Wednesday, May 12, 2010

Charred Corn and Mushroom Chowder

Inspired by the huge, ugly ear of mushroom that was dwelling in my produce drawer (YES, I put my mushrooms in the fridge, but always in a paper bag) I decided to whip up a batch of summery corn chowder, plus the ‘shroom. The musky flavor added a new depth to this standard preparation, and the grassy puree provided a top notch bright note. Cilantro would work well, too, especially if there were some green and red peppers thrown into the mix.
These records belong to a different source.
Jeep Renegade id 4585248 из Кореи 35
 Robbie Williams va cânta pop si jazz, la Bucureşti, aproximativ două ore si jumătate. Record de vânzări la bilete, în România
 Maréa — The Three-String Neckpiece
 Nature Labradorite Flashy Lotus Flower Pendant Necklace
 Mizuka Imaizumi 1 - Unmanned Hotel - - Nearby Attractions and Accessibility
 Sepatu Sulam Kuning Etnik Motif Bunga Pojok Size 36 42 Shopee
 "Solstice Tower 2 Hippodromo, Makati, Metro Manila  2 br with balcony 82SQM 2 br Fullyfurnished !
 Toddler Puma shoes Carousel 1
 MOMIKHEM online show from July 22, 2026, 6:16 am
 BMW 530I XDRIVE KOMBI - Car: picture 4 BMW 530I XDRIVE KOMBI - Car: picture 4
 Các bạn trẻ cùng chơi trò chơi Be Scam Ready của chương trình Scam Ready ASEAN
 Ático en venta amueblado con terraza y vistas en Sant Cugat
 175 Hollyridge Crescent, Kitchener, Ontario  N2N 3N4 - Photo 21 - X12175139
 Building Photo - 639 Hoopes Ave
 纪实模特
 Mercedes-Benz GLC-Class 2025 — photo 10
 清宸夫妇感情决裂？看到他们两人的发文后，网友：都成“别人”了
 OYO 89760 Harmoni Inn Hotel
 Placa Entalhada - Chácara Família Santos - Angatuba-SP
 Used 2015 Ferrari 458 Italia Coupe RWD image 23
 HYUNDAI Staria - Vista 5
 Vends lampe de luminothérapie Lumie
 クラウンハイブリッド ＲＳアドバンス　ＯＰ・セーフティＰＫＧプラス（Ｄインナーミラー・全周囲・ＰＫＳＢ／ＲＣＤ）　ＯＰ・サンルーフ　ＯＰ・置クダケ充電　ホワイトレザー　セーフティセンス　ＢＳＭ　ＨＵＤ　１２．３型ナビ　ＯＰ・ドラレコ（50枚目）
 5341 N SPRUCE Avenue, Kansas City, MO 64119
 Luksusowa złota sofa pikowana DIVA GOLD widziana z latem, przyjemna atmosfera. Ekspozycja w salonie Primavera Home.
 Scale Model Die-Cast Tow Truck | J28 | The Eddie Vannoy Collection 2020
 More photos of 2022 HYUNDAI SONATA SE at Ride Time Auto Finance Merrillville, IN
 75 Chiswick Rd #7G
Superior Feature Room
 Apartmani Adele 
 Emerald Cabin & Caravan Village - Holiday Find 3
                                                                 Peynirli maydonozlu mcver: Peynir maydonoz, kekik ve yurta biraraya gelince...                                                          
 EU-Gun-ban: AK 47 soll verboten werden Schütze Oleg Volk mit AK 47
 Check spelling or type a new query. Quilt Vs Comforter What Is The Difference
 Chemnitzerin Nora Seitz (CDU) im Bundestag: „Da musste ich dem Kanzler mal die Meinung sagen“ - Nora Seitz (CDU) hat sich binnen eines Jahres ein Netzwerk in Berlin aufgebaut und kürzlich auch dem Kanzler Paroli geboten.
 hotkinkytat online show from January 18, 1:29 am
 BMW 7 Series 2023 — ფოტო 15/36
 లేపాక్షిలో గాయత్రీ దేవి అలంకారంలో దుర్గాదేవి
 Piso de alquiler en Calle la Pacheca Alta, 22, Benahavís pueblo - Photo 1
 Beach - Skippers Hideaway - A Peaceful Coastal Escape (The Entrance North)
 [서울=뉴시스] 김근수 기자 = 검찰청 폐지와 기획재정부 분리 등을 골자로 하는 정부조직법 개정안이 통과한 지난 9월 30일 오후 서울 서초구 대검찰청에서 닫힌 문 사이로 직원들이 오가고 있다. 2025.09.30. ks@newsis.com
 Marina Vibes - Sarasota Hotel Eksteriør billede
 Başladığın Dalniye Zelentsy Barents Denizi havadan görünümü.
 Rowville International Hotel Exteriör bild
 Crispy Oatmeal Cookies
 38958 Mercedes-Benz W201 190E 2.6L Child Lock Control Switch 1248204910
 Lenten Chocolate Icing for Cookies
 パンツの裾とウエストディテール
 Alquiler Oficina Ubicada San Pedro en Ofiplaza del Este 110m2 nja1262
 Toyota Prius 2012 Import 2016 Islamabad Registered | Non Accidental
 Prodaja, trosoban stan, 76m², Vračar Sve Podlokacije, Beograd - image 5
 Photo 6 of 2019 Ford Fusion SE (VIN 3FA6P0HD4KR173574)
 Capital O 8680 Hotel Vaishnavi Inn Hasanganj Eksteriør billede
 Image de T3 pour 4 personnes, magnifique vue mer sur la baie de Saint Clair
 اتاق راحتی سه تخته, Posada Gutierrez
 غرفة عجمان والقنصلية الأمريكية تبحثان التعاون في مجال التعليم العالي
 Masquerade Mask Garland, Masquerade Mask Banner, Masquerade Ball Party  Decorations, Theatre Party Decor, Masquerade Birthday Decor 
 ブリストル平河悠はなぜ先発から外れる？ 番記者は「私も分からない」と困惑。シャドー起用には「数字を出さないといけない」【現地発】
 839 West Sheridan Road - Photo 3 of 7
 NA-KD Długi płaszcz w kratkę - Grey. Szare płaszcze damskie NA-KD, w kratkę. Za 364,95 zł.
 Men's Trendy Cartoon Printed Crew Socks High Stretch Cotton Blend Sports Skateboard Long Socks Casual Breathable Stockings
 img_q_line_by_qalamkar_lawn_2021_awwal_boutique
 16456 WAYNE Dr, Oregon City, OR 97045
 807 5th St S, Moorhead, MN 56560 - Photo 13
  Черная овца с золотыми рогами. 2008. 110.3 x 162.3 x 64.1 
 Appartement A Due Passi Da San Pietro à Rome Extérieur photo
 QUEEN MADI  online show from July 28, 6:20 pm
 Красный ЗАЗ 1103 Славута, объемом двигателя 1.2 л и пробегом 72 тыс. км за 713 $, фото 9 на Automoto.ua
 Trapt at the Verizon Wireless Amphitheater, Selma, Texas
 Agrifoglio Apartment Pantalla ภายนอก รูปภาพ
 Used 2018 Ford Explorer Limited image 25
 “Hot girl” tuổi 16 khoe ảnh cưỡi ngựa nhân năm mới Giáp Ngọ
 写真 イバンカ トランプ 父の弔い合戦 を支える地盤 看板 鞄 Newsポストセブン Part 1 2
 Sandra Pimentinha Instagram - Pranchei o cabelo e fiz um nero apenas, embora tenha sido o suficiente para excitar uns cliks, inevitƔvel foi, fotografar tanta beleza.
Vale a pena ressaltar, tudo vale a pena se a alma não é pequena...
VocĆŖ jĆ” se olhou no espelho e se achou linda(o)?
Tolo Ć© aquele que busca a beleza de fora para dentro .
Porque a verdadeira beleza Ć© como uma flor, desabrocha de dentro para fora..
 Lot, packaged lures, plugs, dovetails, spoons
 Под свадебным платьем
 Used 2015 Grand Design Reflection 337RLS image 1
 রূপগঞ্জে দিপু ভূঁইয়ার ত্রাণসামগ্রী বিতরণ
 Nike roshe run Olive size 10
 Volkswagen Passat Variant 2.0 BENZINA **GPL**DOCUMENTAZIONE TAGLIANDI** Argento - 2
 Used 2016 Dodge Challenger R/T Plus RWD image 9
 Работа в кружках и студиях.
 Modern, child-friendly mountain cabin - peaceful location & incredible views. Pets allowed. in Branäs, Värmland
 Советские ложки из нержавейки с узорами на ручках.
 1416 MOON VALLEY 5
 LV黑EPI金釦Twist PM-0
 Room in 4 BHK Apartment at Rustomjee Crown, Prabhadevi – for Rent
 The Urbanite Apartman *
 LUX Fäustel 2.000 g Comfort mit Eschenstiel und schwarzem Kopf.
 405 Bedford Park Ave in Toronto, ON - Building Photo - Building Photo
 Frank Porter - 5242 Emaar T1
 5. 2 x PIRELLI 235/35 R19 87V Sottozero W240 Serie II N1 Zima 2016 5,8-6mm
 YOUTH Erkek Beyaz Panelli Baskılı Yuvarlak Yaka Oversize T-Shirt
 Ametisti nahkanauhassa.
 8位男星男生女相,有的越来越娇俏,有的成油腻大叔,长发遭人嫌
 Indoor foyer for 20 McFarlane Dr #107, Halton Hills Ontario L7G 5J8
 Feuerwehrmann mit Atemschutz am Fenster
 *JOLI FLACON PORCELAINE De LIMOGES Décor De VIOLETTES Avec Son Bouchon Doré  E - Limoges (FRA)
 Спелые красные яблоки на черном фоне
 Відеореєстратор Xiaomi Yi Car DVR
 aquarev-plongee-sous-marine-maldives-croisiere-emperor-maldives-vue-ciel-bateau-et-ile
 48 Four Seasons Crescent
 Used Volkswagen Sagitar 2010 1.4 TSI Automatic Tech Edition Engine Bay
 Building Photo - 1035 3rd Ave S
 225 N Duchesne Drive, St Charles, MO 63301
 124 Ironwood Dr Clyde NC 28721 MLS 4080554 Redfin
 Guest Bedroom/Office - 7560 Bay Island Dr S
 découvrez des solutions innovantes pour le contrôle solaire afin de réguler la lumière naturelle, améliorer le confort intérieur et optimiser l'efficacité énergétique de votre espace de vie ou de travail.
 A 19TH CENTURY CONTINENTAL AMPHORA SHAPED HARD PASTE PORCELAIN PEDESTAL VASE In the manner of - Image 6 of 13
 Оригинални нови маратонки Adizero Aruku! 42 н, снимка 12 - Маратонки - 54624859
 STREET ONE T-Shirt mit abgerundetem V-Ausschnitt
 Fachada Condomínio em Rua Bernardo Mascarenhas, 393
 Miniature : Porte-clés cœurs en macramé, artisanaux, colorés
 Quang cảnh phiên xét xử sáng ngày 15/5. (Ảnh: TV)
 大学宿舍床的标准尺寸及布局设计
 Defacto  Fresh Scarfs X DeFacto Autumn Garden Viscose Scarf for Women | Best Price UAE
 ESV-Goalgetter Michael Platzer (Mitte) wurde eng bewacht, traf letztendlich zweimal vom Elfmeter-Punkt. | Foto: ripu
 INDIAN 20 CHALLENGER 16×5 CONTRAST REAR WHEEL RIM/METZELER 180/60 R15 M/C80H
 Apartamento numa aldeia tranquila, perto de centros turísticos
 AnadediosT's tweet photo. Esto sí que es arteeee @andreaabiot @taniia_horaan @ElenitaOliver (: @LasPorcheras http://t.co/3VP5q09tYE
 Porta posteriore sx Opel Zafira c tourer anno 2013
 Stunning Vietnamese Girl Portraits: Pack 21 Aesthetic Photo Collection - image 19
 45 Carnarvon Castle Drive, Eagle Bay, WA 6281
Charred Corn and Mushroom Chowder

3 tablespoons soy margarine or olive oil
1 pound bag frozen corn or 6 stalks fresh, kernels removed
2 cubes veg bouillon (enough for 4 cups broth)
1 medium onion, chopped
1 large potato, diced
2 large or 3 medium stalks celery, chopped
3 medium carrots, peeled, chopped
5 cloves garlic, minced
1 pound various mushrooms - mix of wild and button used here - chopped
1 - 2 cups unsweetened soymilk

Parsley Puree:
handful parsley
bunch scallions
1/4 cup olive oil
1 clove garlic
dash salt

In a heavy bottomed saute pan or saucepan with a cover, heat 1 tablespoon of oil until hot. Add your corn, toss once, and cover. Let them sizzle over high heat for about 4-5 minutes, until you see some smoke mix with the steam. Remove, still covered, and let sit 5 minutes. You should see a nice char on at least one surface of each kernel. This will add a smokiness to your chowder that is AWESOME paired with mushroom musk. Scrape up all the sticky bits with the corn and set in a bowl, aside.

In a large soup pot, melt your soy butter. Add onions, carrots, celery and garlic, and cook until softened, about 5 minutes. Add mushrooms, saute 2 more minutes, or until they start to release their liquid. Add corn, potato, bouillon cubes, and 4 cups water - bring to boil, then lower heat and simmer until potatoes are tender, about 10 minutes.

With an immersion blender, or with a stand alone blender, puree the soup until it is thick, but leave some chunks of mushroom and potato for texture. Stir in soymilk. Salt and pepper to taste.

In your blender, pour oil, parsley, garlic, and chives, and pulse until well combined, scraping down the sides as needed. Salt to taste. Scrape into a bowl and chill.
















To serve: ladle soup into bowls. Add a little water to your chilled parsley puree, so that it has a dribble-able consistency. Drip a tablespoon of puree in a circle over the top of each bowl of soup. Serve with toasts and a citrus-y salad.